Aus einer Laune heraus habe ich von Kai Meyer die drei Bücher um Jolly und Munk aus der Bibliothek ausgeliehen: und meinem Sohn haben sie hervorragend gefallen. Wir haben innerhalb zweier Tage das erste Buch fast zu Ende gelesen.
Ich hatte mich schon einmal mit Meyer beschäftigt und einige seiner Werke analysiert. Mittlerweile stehe ich von meinem Nachdenken ganz woanders: und nehme seine Bücher neu in Angriff.
Was mich in meinen ersten Gehversuchen sehr frappiert hat, war eher, dass ich einen kurzen Artikel zu Meyer geschrieben habe, den ich immer noch sehr gut finde.
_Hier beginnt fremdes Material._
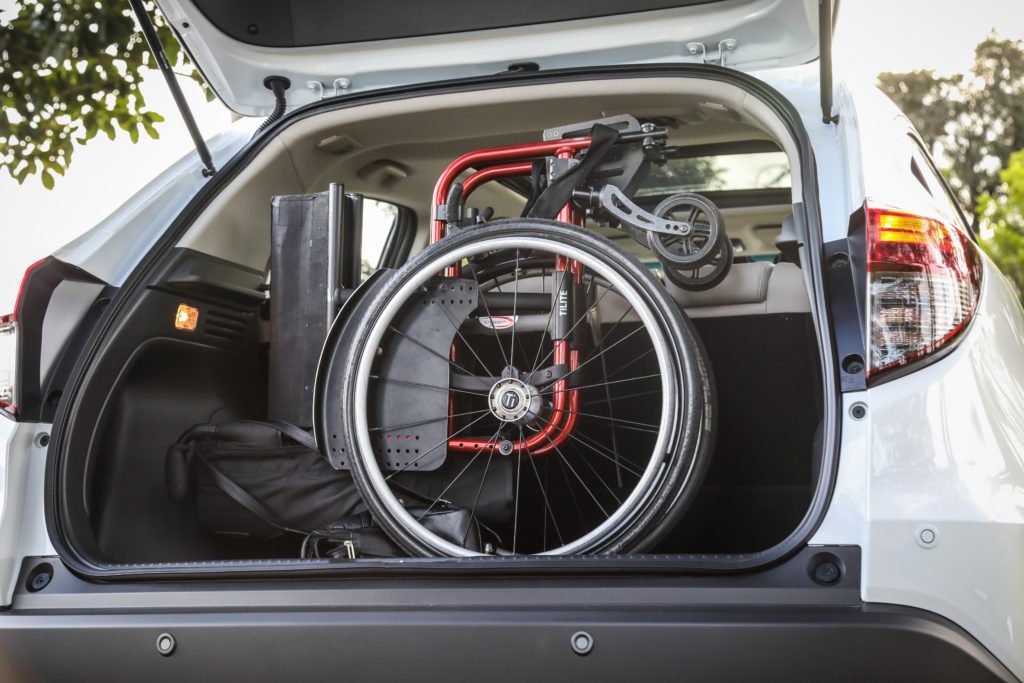 Descrição da imagem #PraCegoVer: Detalhe da cadeira de rodas no porta-malas do Honda HR-V. Fim da descrição.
Diesen hatte ich in die wikipedia-Seite integriert. Darum gab es dann unter den anderen wiki-Nutzern einen heftigen Streit: mein Artikel sei parteiisch - nun, er ist parteiisch, insofern ich Meyer mit einiger Ironie "gut" heiße. Aber all dies ist ironisch gemeint gewesen. Schließlich hat es mich genervt, über Sinn und Zweck einer Enzyklopädie zu streiten, und ob diese essayistische Inhalte haben darf, oder immer "objektiv" sein muss (objektiv ist ein scheußliches Wort, ein richtiger Totschläger). Enzyklopädien sind nicht objektiv. Selbst d'Alembert wusste darum (und d'Alembert ist Mitherausgeber der großen französischen Enzyklopädie gewesen). Schließlich habe ich den Teil des Artikels zu Kai Meyer entfernt.

Meyer selbst ist in seinen Büchern anti-enzyklopädisch: wenn man seine Werke betrachtet, dann sind es Entstellungen der offiziellen Geschichtsschreibung, Fantasyromane eben, die ein Stück realer Welt mit so viel Zauber anreichern, dass es genausogut Fantasyromane hätten sein können. Nur hat Meyer dabei immer wieder den Übergang zu wirklichem, zu "objektivem" Wissen im Blick. Der eigentliche Skandal bei Meyer ist, dass er uns die Flickschusterei, die wir Wirklichkeit nennen, vor Augen führt und behauptet, es könne alles auch ganz anders sein. Wie Nostradamus seine Prophezeiungen gemacht hat, so hat uns Meyer die Zukunft unserer Vergangenheit umrissen: als eine Vorratskammer aus Mythen.
Der zweite Band schwächelt etwas, insgesamt ist die Trilogie um Jolly und Munk, Die Wellenläufer, Die Muschelmagier, Die Wasserweber, aber sehr lesenswert.

Software für Schreiberlinge

Ich habe ja schon eine ganze Menge Software für Autoren empfohlen. Just heute habe ich ein neues Programm, und finde es rasend gut. Erstmal ist es besser als vieles, was ich bisher gesehen habe, und zudem ist es auch kostenlos. Es heißt yWriter und lässt sich HIER downloaden.
Warum diese Software toll ist? Nun, sie bietet einfache Bedienung; und ich meine wirklich einfach, denn auch wenn einen zuerst die ganze Vielfalt erschlägt, so hat sie einige sehr überzeugende Funktionen, mit denen man sich seine ganzen Skizzen ordnen kann. So ist zum Beispiel eine Funktion integriert, die eine Geschichte im Storyline-Modus anzeigt, und dadurch kann man selbst komplexe, vielperspektivische Geschichten in den Griff kriegen. Dann kann man nach Belieben Szenen entwerfen, und mit einfachem Drag&Drop hin und her schieben. So kann man sich eine Unmenge an Szenen entwerfen, und diese je nach ihrer Brauchbarkeit markieren, in einen Ordner verschieben, wo sie auf weitere Verwendung warten, oder dass man sie schließlich ganz verwirft.
Insgesamt: wie es schwierig ist, ein Buch zu schreiben, zumal ein komplexes Buch, so ist es zunächst nicht einfach, dieses Programm zu bedienen und abzuschätzen, was man mit ihm anfangen kann. Aber sehr rasch lässt sich feststellen, dass hier nicht nur ein guter Programmierer am Werk ist, sondern auch ein Mensch, der Ahnung vom Bücherschreiben hat.